Which and what size router bits do I need to make crown moulding?


thanks,
Eddie ([email protected])


----------



## Honolulu (Feb 18, 2009)

what do I need to make babies? Well ...

Seriously... it depends on what molding you want to make. I was just at my parent's home looking at the crown molding there... thinking that the pattern might no longer be made since the house dates to 1927 or so. The molding must have been made from something almost 6 inches wide. I surely don't have the torque in my 1/4" collet to do that.

Suggest you go online to various router bit suppliers and see what's out there.

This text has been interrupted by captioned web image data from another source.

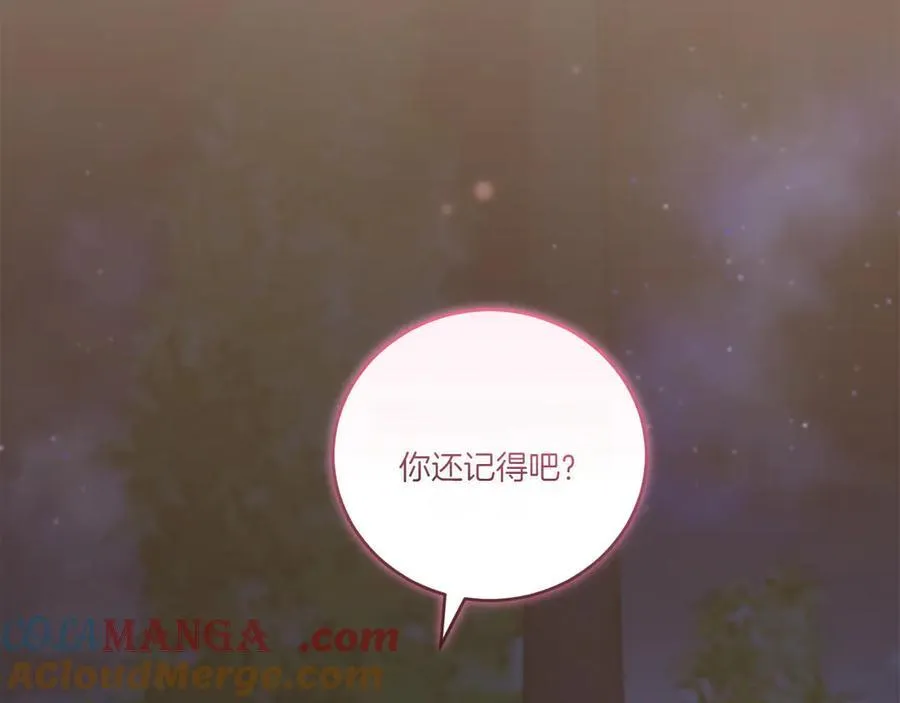 第88话 约定的吻 第193页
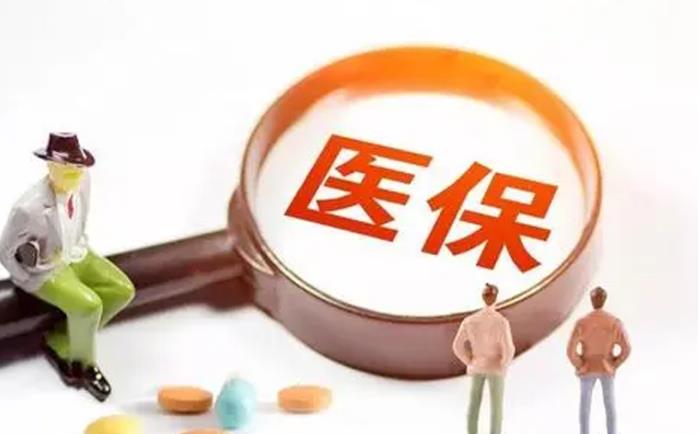 广西 三代试管 022广西壮族自治区不孕不育医院大全，热门试管医院前3名推荐 ‘酒精兑尿男孩女孩图片’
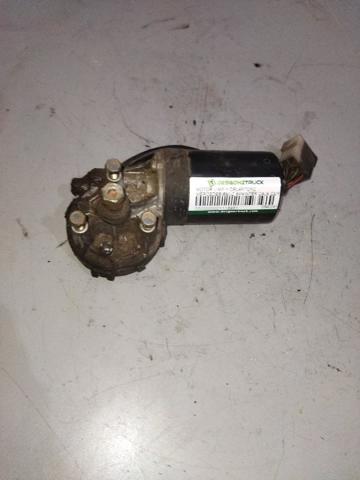 Motor del limpiaparabrisas para Mercedes Sprinter  (903)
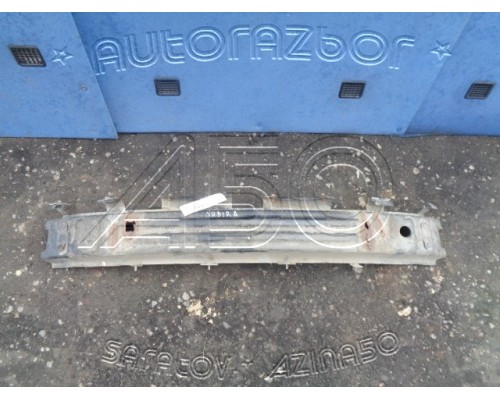 Усилитель бампера Daewoo Nubira 1997-1999 (96190284)- купить на ➦ А50-Авторазбор по цене 800.00р.. Отправка в регионы.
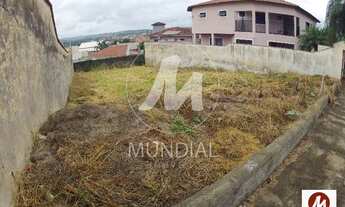 Imagem 3: Terreno (terreno normal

If you have a particular pattern, or a drawing or sample, you can go to a local millwork or cabinet supplier and ask them.


----------



## bobj3 (Jan 17, 2006)

HI Eddie

They make just about anything you can think of in router bits now days here's just two of them..

2 pc 1/2" SH 2-5/16" Long Crown Molding Router Bit Set
2 pc 1/2" Shank Reversible Crown Molding Router Bit Set


http://cgi.ebay.com/2-pc-1-2-Shank-...50386QQcmdZViewItemQQ_trksidZp1742.m153.l1262

http://cgi.ebay.com/2-pc-1-2-SH-2-5...50386QQcmdZViewItemQQ_trksidZp1742.m153.l1262

=======
Crown Molding Bevel 52º/38º Angle Bit, see video on the same web page..

http://www.mlcswoodworking.com/shopsite_sc/store/html/smarthtml/pages/bit_molding2.html

============


wavebam said:


> Which and what size router bits do I need to make crown moulding?
> 
> 
> thanks,
> Eddie ([email protected])


----------



## Charles M (Apr 10, 2006)

bobj3 said:


> HI Eddie
> 
> They make just about anything you can think of in router bits now days here's just two of them..
> 
> ...


Interesting how quickly China knocked off our Wide Crown Molding Bits:

http://www.freudtools.com/p-187-wide-crown-molding-system.aspx










Also interesting that MLCS knocked off our 52°/38° bit but their crown molding bits are for 45° angles:










And here's a video of using the Freud crown bits:
http://www.freudtools.com/videoinsert.asp?videoname=WCM-Video.wmv


----------